>>
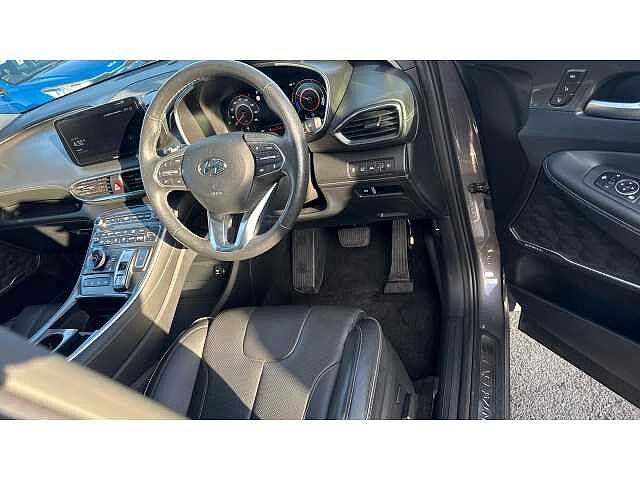 Hyundai SANTA FE SANTA FE 1.6 TGDi Plug-in Hybrid Premium 5dr 4WD Auto Magnetic Force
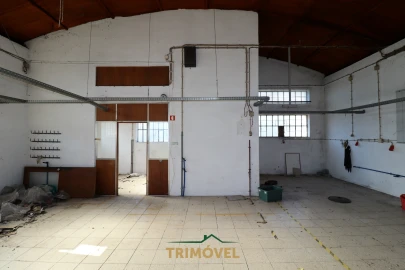 Armazém para Venda em São Roque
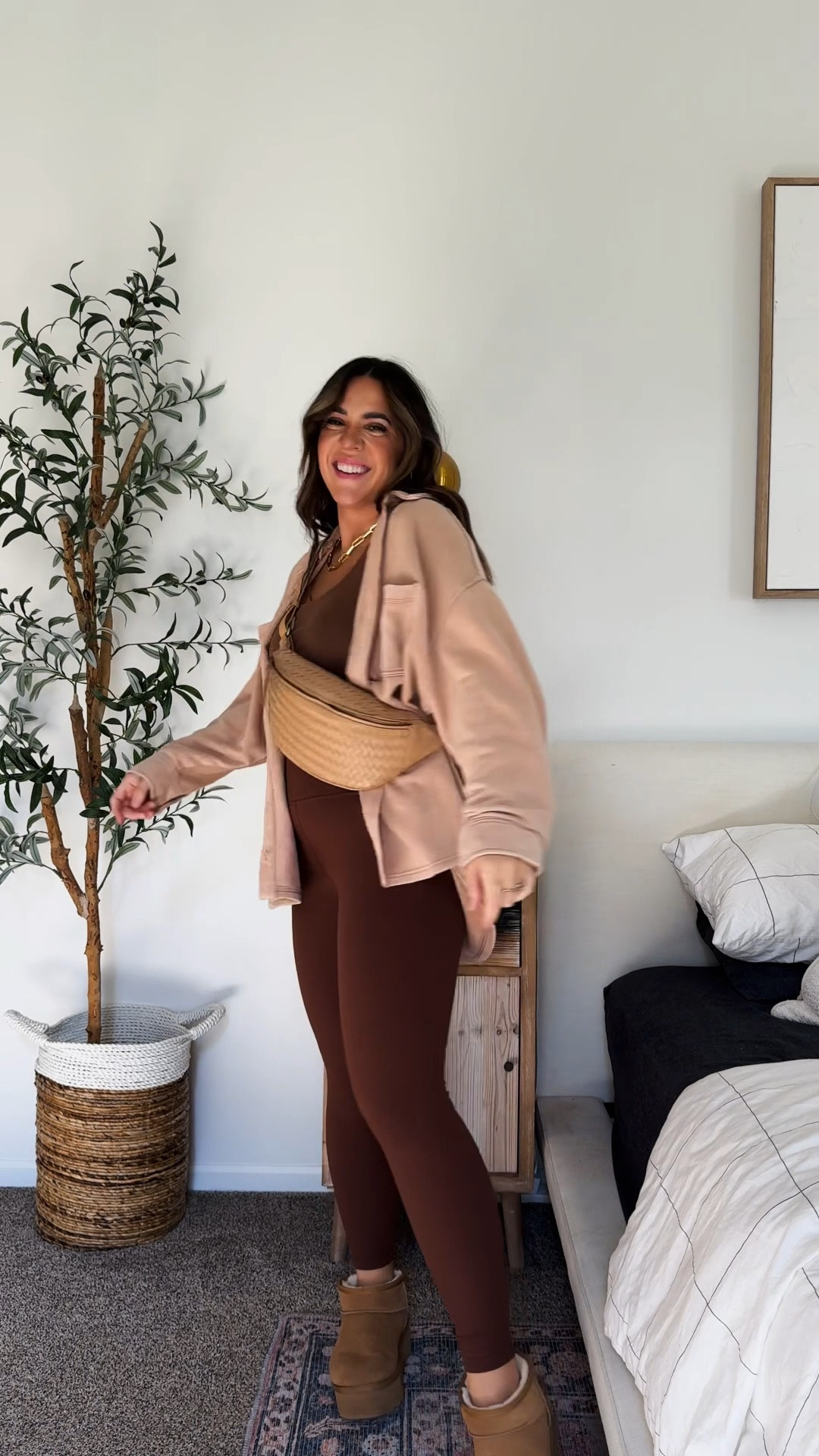 Monochromatic elevated mom look! Easy fall school drop off outfit. Autumn style. Leggings. 

Size L in brown set and size M in shirt 


#LTKStyleTip #LTKMidsize #LTKHoliday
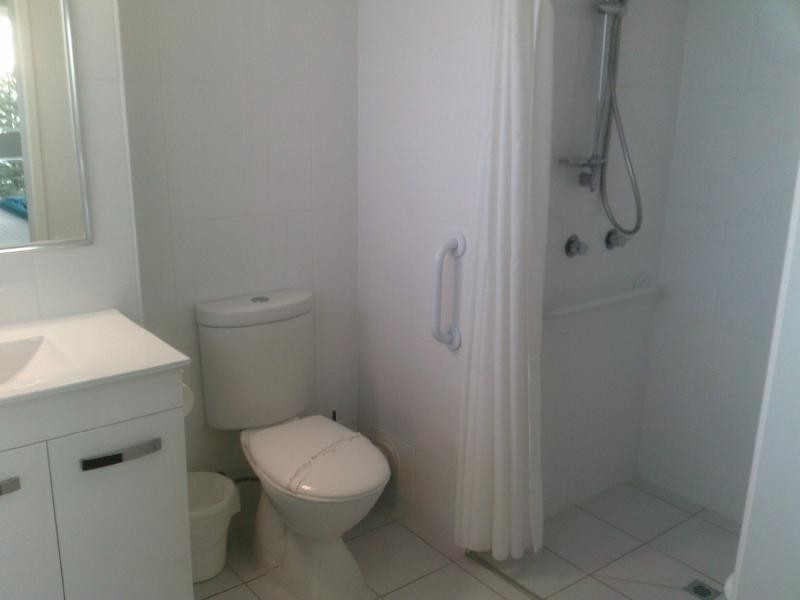 33/202 The Esplanade, Burleigh Heads QLD 4220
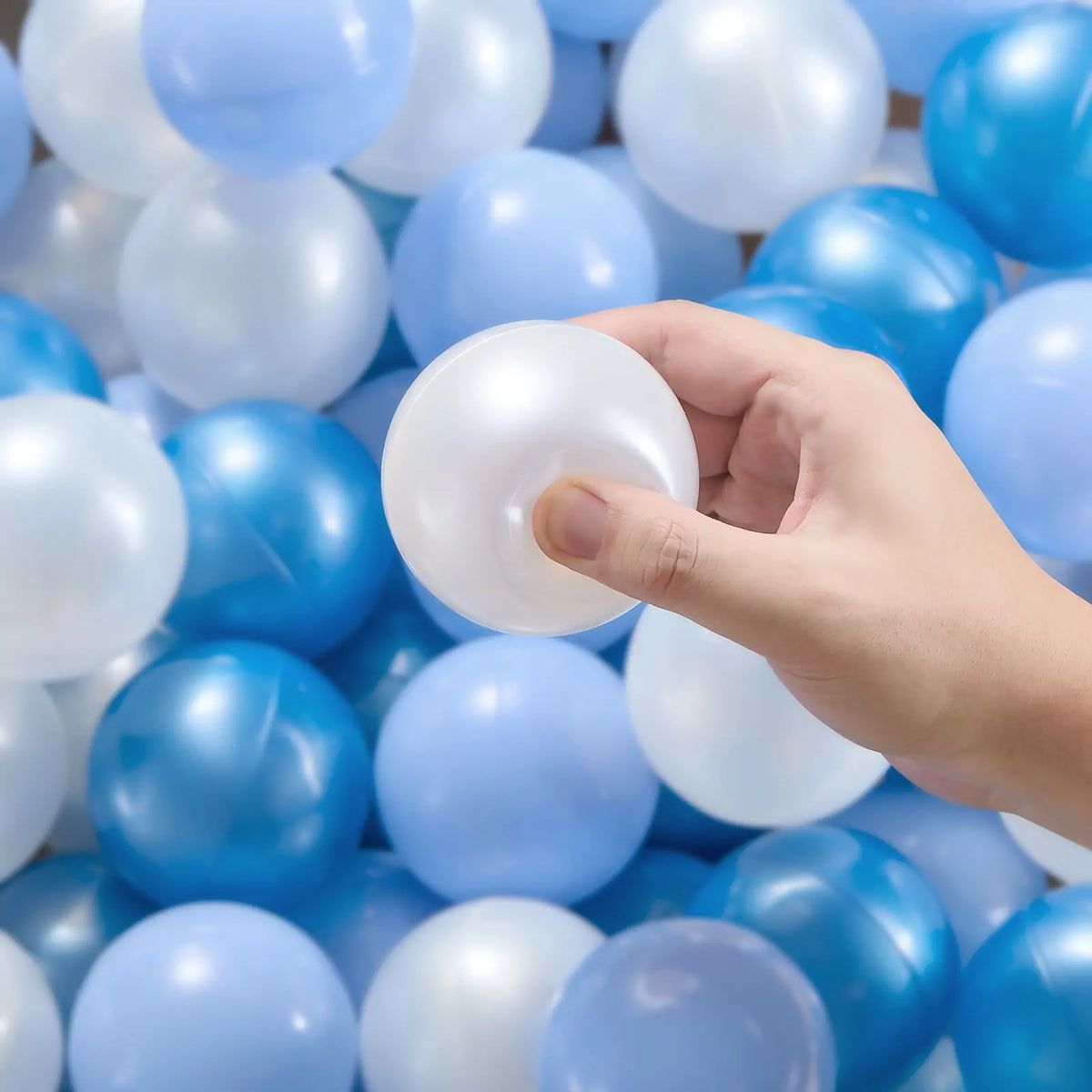 Tiny Land Ocean Balls, 200-Piece Set – Neutral Tones
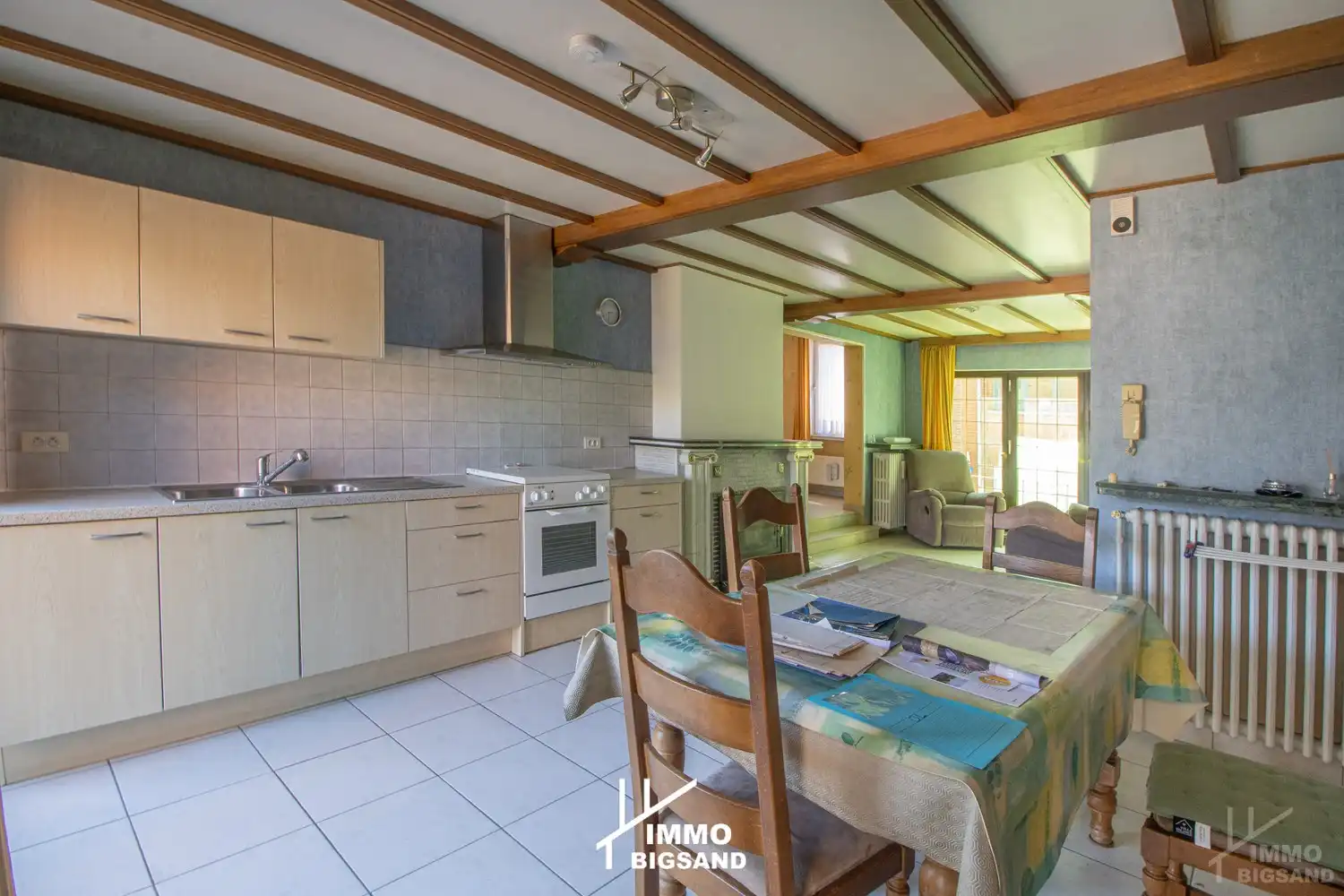 Een ruime gezinswoning (voorheen twee woningen) met 3 slaapkamers en garage met ruime tuin foto 12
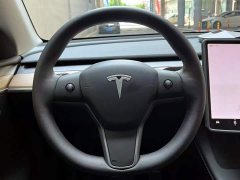 Tesla Model Y rear-wheel drive version - фото 13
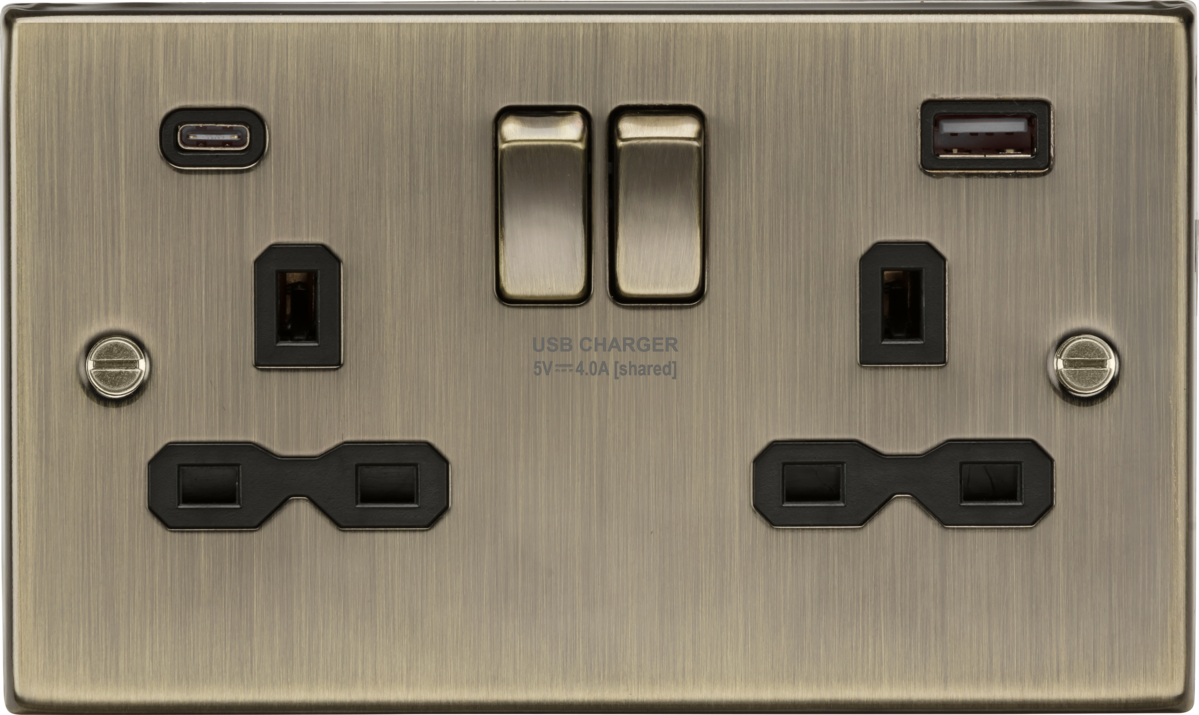 KNIGHTSBRIDGE SQUARE EDGE ANTIQUE BRASS 13A 2G DP SWITCHED SOCKET WITH USB A+C (5V DC 4.0A SHARED) MAX 20W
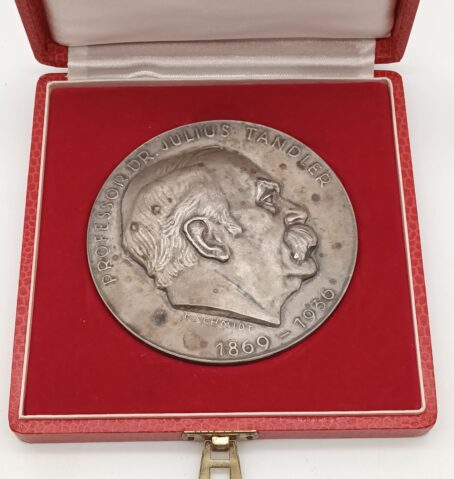 Silbermedaille auf Dr. Julius Tandler, Auszeichnung der Stadt Wien. II. Klasse für Helfer – Bild 2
<<
=== TO DO ===
Starting where a line contains "Size L in brown set and size M in shirt" and finishing at the last line above, set down every line exactly as it reads, with no pictures.

=== TASK RESPONSE ===
Size L in brown set and size M in shirt 


#LTKStyleTip #LTKMidsize #LTKHoliday
 33/202 The Esplanade, Burleigh Heads QLD 4220
 Tiny Land Ocean Balls, 200-Piece Set – Neutral Tones
 Een ruime gezinswoning (voorheen twee woningen) met 3 slaapkamers en garage met ruime tuin foto 12
 Tesla Model Y rear-wheel drive version - фото 13
 KNIGHTSBRIDGE SQUARE EDGE ANTIQUE BRASS 13A 2G DP SWITCHED SOCKET WITH USB A+C (5V DC 4.0A SHARED) MAX 20W
 Silbermedaille auf Dr. Julius Tandler, Auszeichnung der Stadt Wien. II. Klasse für Helfer – Bild 2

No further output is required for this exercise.